Kueh Bahulu/Bolu or mini Asian sponge cake have a thin crunchy exterior with a spongy center when eaten once it is out of the oven. It loses that crunchy exterior when you let it sit for a while, especially in our tropical environment.
It must have been a distant cousin of the french madeleine. Both are mini cakes, baked in mini moulds but the difference will be the use of butter in madeleine while none in Kueh Bahulu. This resulted in a light sponge that is egg-y (in a good way) in taste and fragrance.
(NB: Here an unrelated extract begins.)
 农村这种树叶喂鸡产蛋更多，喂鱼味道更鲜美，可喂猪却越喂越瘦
It can be enjoyed dipped in coffee or tea, just like the madeleine.
100g cake flour
1/4 tsp baking powder
1/8 tsp salt
1/2 tsp vanilla extract
1 Tbsp cooking oil, to oil the bahulu mould
Steps to Bahulu:
- Preheat oven to 200 degrees Celsius.
- Using a pastry brush, carefully oil the bahulu mould with the cooking oil and place the mould into the oven to heat up with the oven.
- Sieve flour, baking powder and salt into a bowl and set aside.
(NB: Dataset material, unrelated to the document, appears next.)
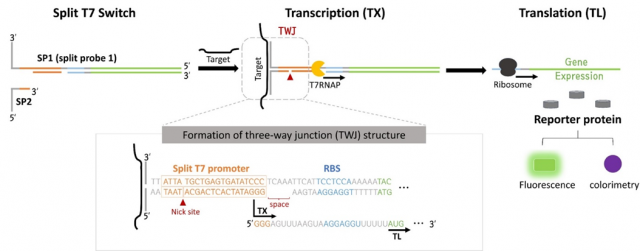 분할 T7 스위치(Split T7 switch) 기반의 CFPS system의 작동 원리, Split probe 1(SP1)과 SP2로 이뤄진 검출 프로브는 표적 핵산이 존재할 때만 삼방향 접합구조를 이룬다. 삼방향 접합구조가 형성되면서 분할돼 있던 T7 프로모터 영역이 이중가닥으로 완전히 구성되고, 표적 핵산의 존재에 의해 특이적으로 전사 및 번역이 개시될 수 있다. 유전자 발현 부분에 다양한 리포터 단백질을 인코딩함으로써 다양한 검출 방식(형광, 발색)으로 활용이 가능하다. 사진은 건국대 연구도식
- Whisk egg and sugar until pale and thick, approximately 5 minutes. Add vanilla extract and mix till incorporated.
- Fold the flour mixture into the egg mixture in 2 additions, until batter is uniform.
- Carefully remove the hot mould from the oven and fill the mould with batter using a spoon or a small ice cream scoop.
- Place the filled mould back into the oven and bake in the middle of the oven for 11 - 13 minutes or until the cake is golden brown in colour.
- Using a tooth pick or two, remove the cakes immediately onto a cooling rack.
- Then oil the mould and place it back into the oven for 3 minutes to heat up.
- After 3 minutes, remove the mould and fill it with the cake batter and bake it.
- Repeat the steps until all the batter is used up.